Well Janet asked me a question this morning when we talked about this: “What was your experience as you listened to this section?”
I told her I had spread out the big Red Book on my bed along with the little one and as I listened I took notes and stopped the recording, re-listened to parts .... then I worried oh ,oh, I was trying to make meaning, but no, I really felt like I was diving into the experience in a deeper way than the last time I listened. I was thrilled, confused, excited, and worried.
So let’s continue on as we go slowly, waiting, being with the discomfort of not knowing and share what that is like for us and perhaps noticing other places where Jung (and we) go to metaphor, to embodiment and back again.
Chris and Janet
Replies
I have a question....should I equate drinking the pus and finding beauty in it, with finding beauty in abuse.... of the planet, of animals, children etc. These things make me infinitely more sick, than the thought of drinking the pus from boils of the plague.
In response to Gunni Britt Borden's question: I find your question about drinking pus equating with abuse on our planet, to innocents and the vulnerable, a very disturbing, provocative and upsetting one. Thank you for it. I have no other response than to wonder and stagger from thought to thought.

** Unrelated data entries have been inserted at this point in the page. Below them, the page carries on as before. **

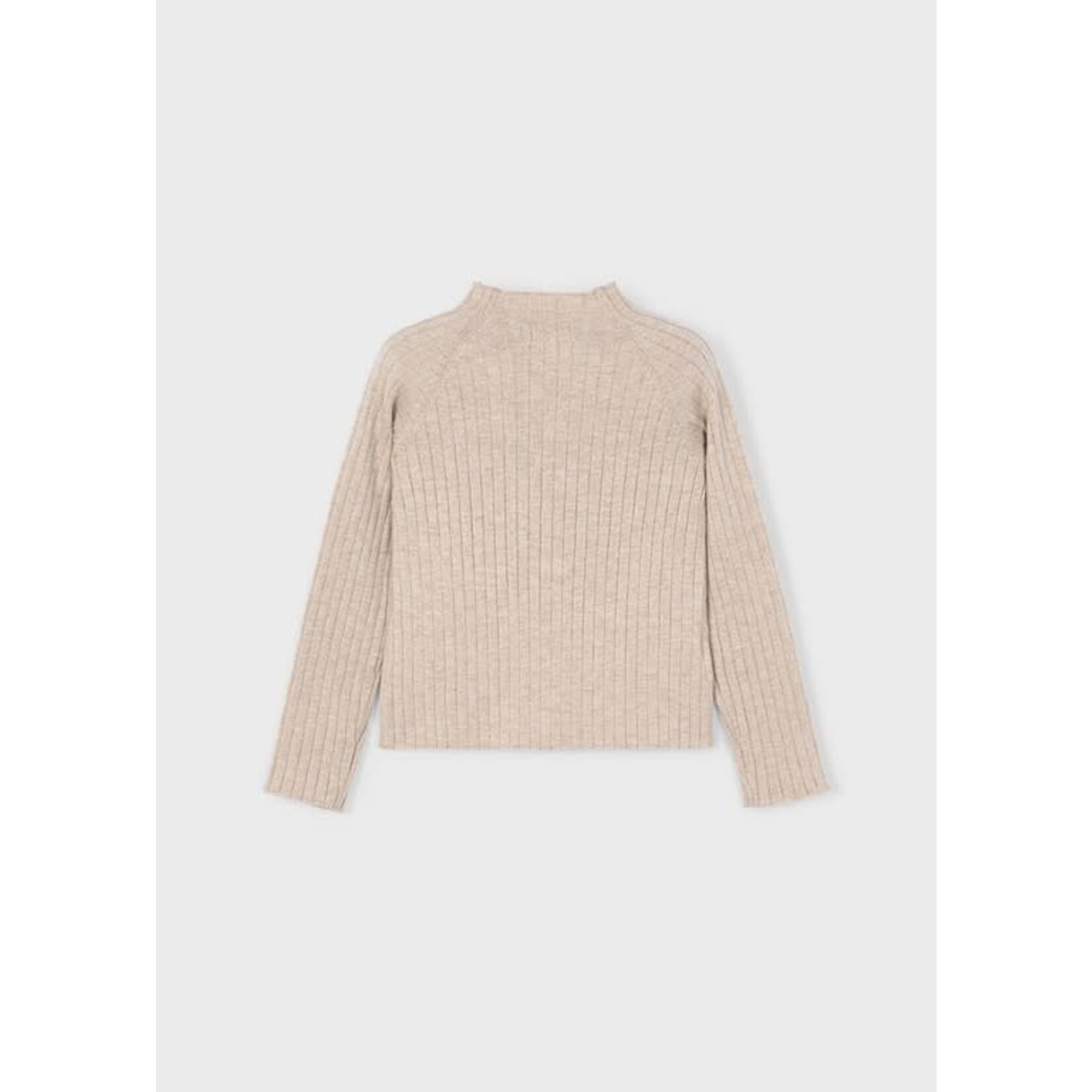Mayoral Mayoral Rib trutleneck Toffee - 25 04001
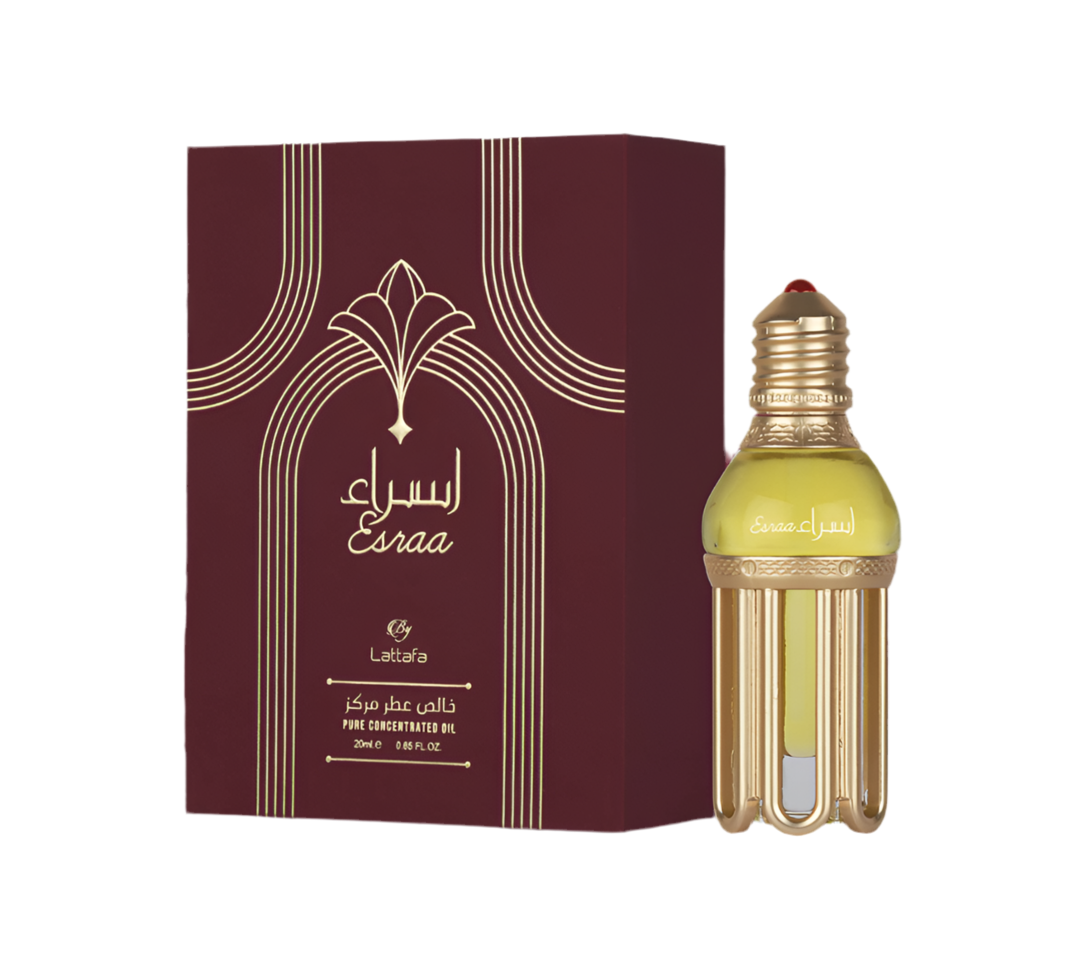 Attar Esraa CPO Perfume Oil By Lattafa 20ml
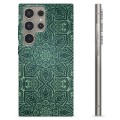 Samsung Galaxy S24 Ultra TPU Case - Green Mandala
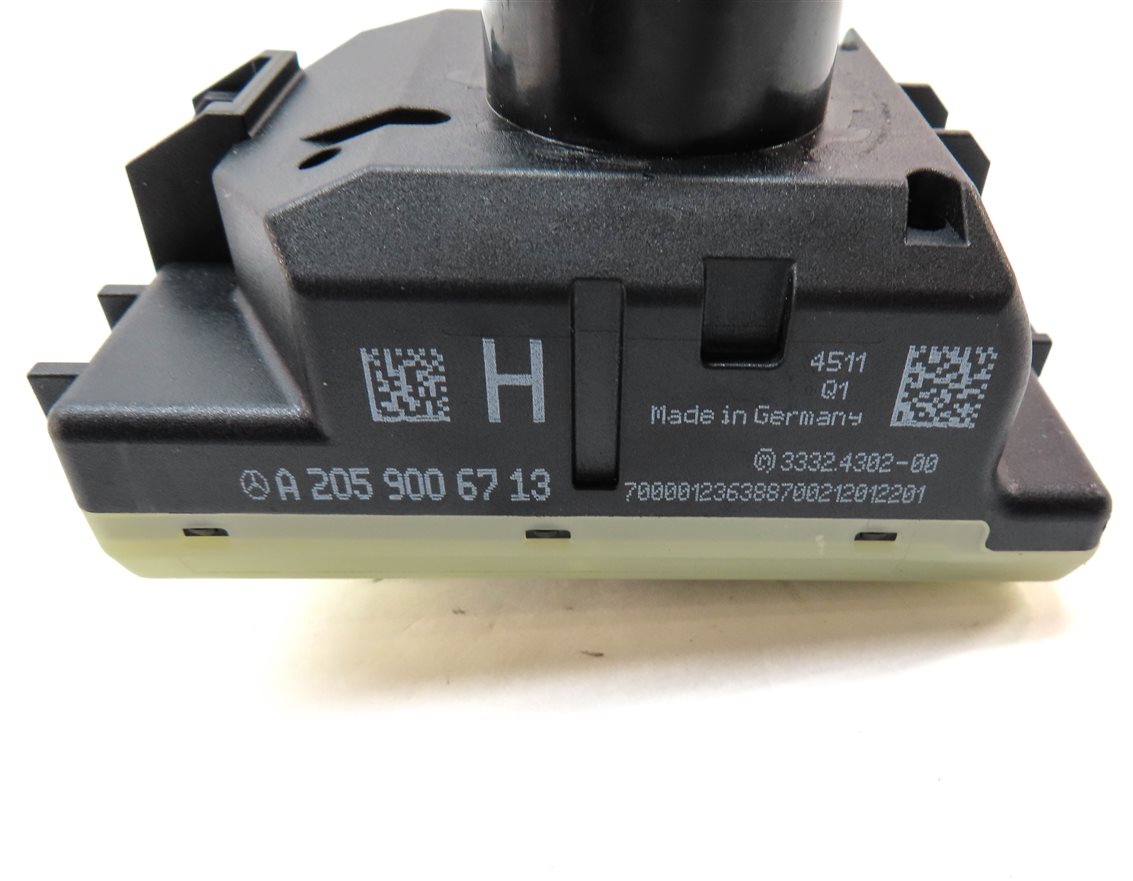 Thumbnail 4: 2018-2019 MERCEDES BENZ C300 GLC300 GLC350e (W205 X253) IGNITION SWITCH MODULE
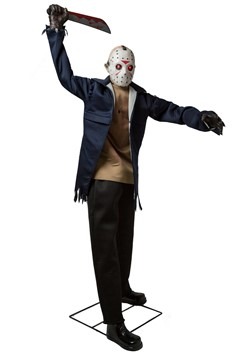 Friday the 13th Lifesize Animated Jason Voorhees Prop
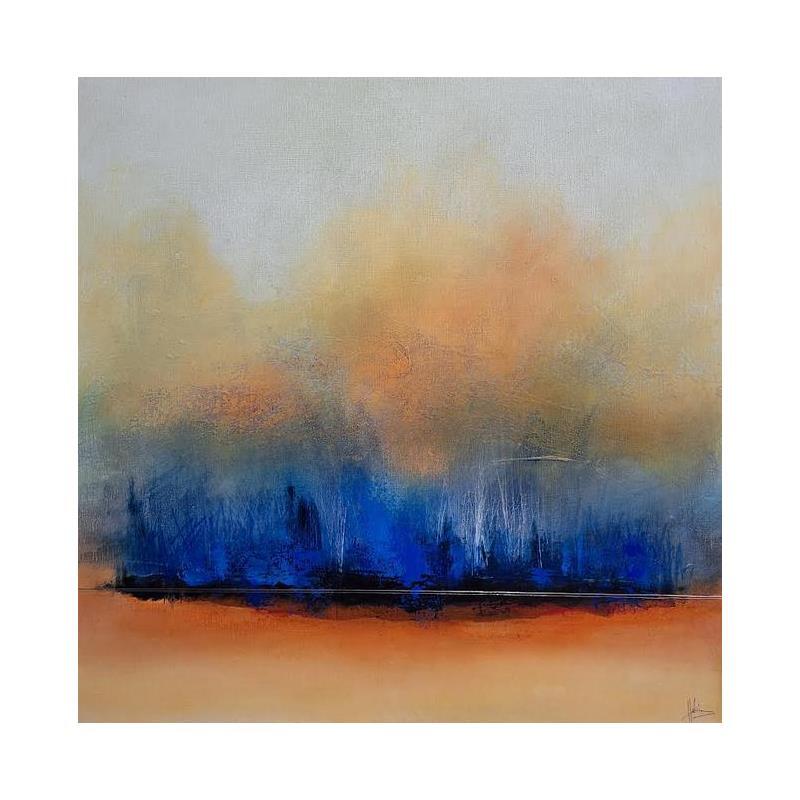 Painting Abstraction #2567 by Hévin Christian | Painting Abstract Acrylic Minimalist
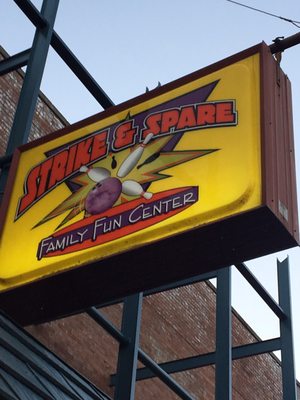 Strike & Spare: 3710 Annex Ave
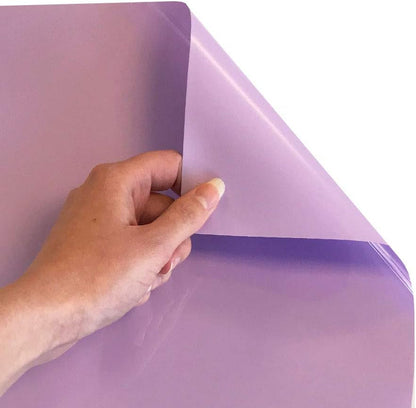 Siser Easyweed Heat Transfer Vinyl 11.8" X 2FT Roll - Compatible with Siser Romeo/Juliet & Other Professional or Craft Cutters - Layerable - CPSIA Certified (Lilac - HEX #A893C0)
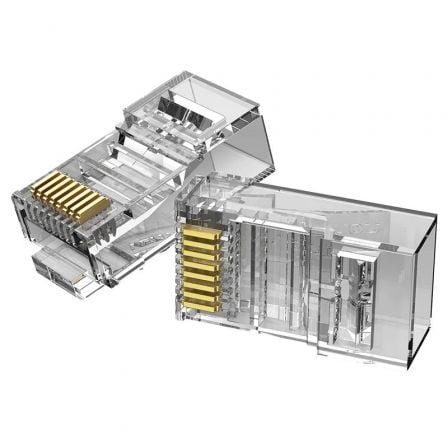 depau-VEN-CONECTOR-IDBR0-100 Conector RJ45 IDBR0-100/ Cat.5e UTP/ 100 uds - Imagen 1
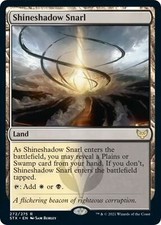 Shineshadow Snarl Near Mint 272 Strixhaven: School of Mages Reg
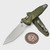 MICROTECH SOCOM RAM-LOK T/E STONEWASH FRAG ALUMINIUM OD GREEN 161RL-10FROD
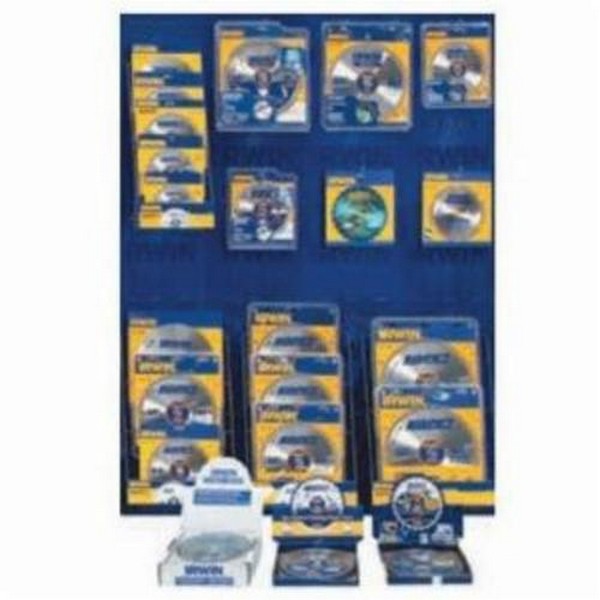 Circular Saw Blade Plan-O-Gram, Full Assortment, 68 Piece, Plan-O-Gram Tool Storage Type, Yes Tool Storage Included, 6 ft H x 4 ft W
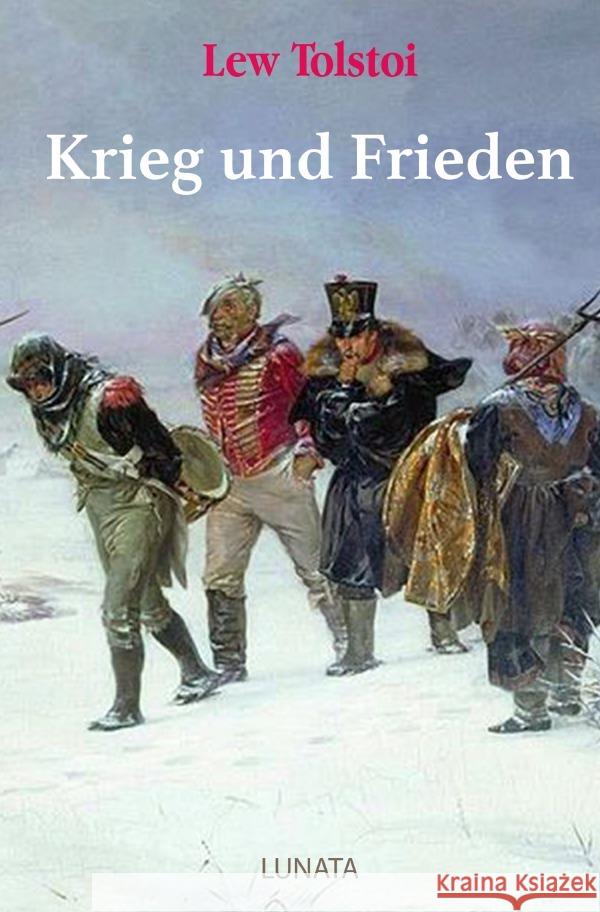 Krieg und Frieden Tolstoi, Lew 9783752994209 epubli - książka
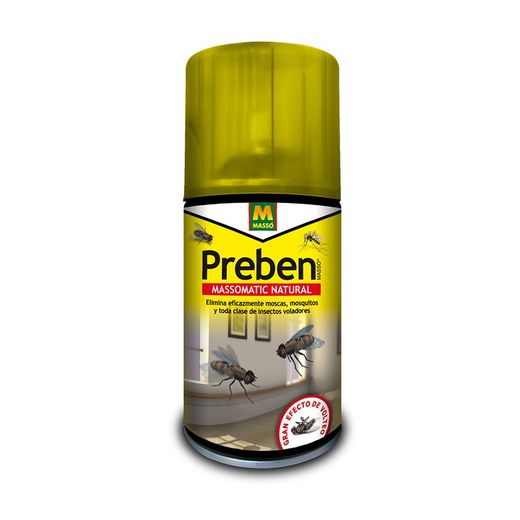Inseticida natural preben massomatic 250ml masso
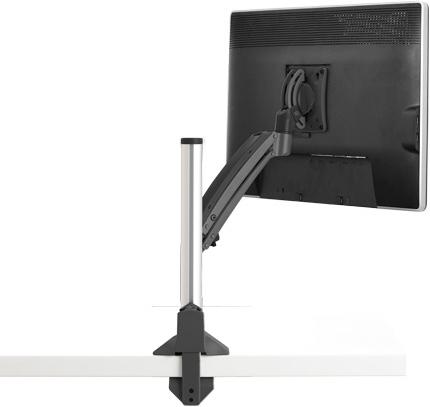 Chief K1C110B - 9,9 kg - 25,4 cm (10 Zoll) - 76,2 cm (30 Zoll) - 100 x 100 mm - Höhenv (Tisch, 30")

Thank you Robert Bosnak for your reply re: pus. In my own life, after the incest from my brother, running away, rape and torture at the hands of two armed men, life demanded, through the birth of my son, I came to terms with my desire to rest in hatred for, and feel justified in this hate toward men. In TIbetan Buddhism, this work is called dredging meditation, or maybe referred to as the Cho, sitting in the graveyard and meditating on corpses..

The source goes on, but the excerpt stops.